Your assignment:
Output exactly the lines that come between the start of the material and the line containing "The HKliving Wave", both ends included, with the pictures omitted.
** Opening Given information block **
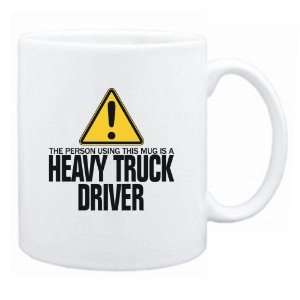  New  The Person Using This Mug Is A Heavy Truck Driver 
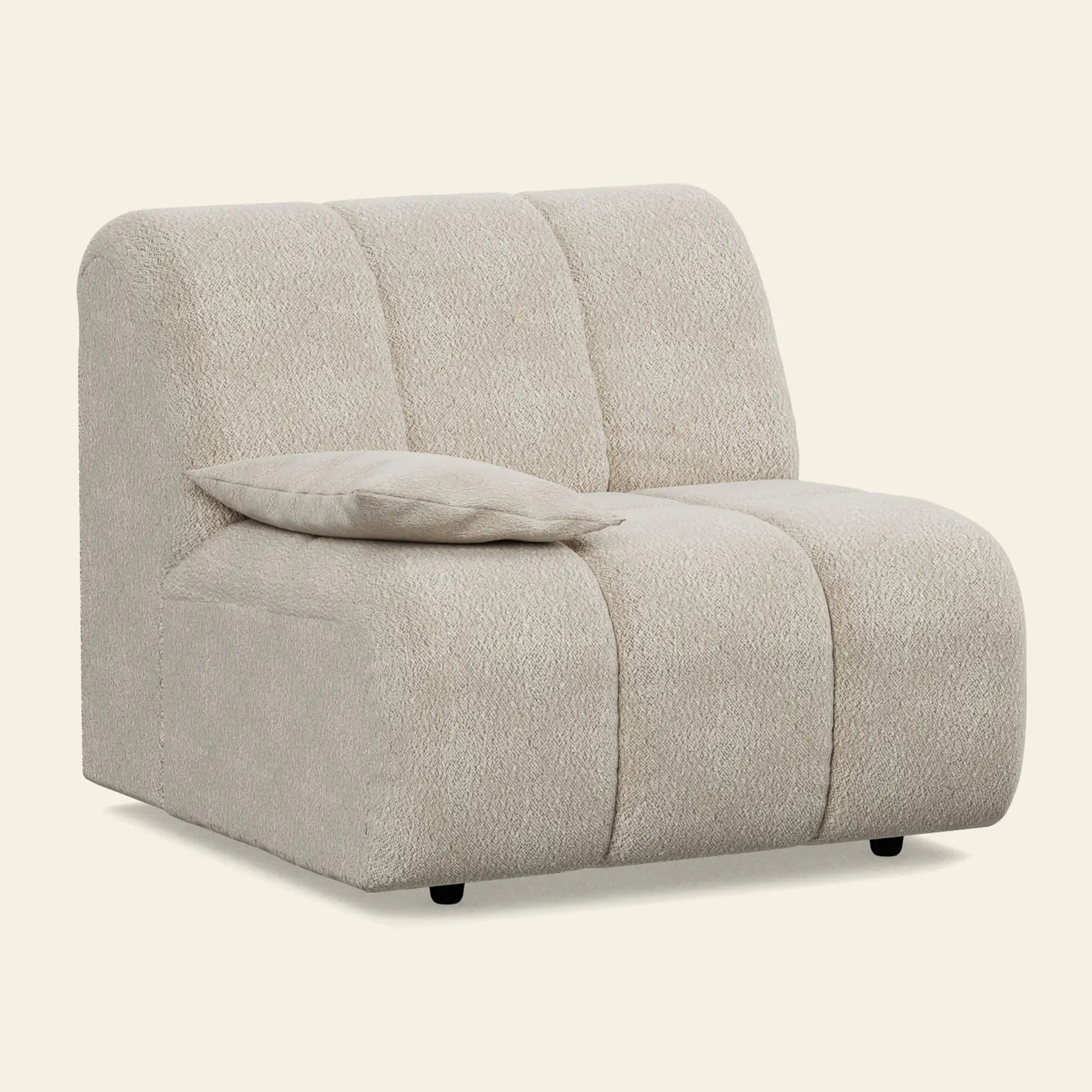 The HKliving Wave Couch, Left Low Arm by HKliving is a modern armless accent chair upholstered in textured beige fabric with vertical stitching and a matching cushion—ideal for elevating any living room alongside your modern couch.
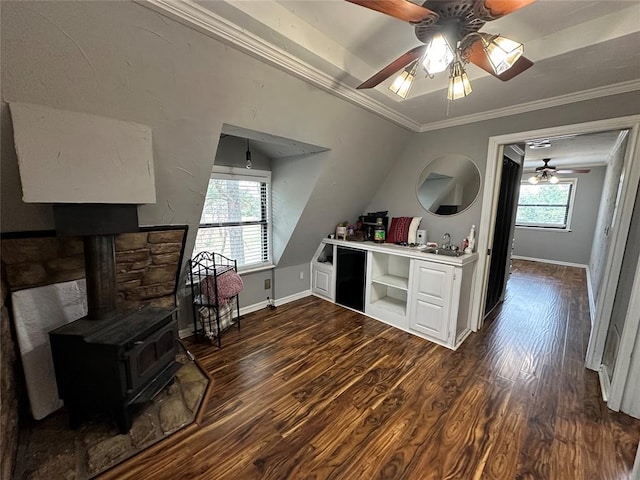 kitchen featuring white cabinetry, dark hardwood / wood-style flooring, a wood stove, and ornamental molding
** Closing Given information block **
Response to the task:
  New  The Person Using This Mug Is A Heavy Truck Driver 
 The HKliving Wave Couch, Left Low Arm by HKliving is a modern armless accent chair upholstered in textured beige fabric with vertical stitching and a matching cushion—ideal for elevating any living room alongside your modern couch.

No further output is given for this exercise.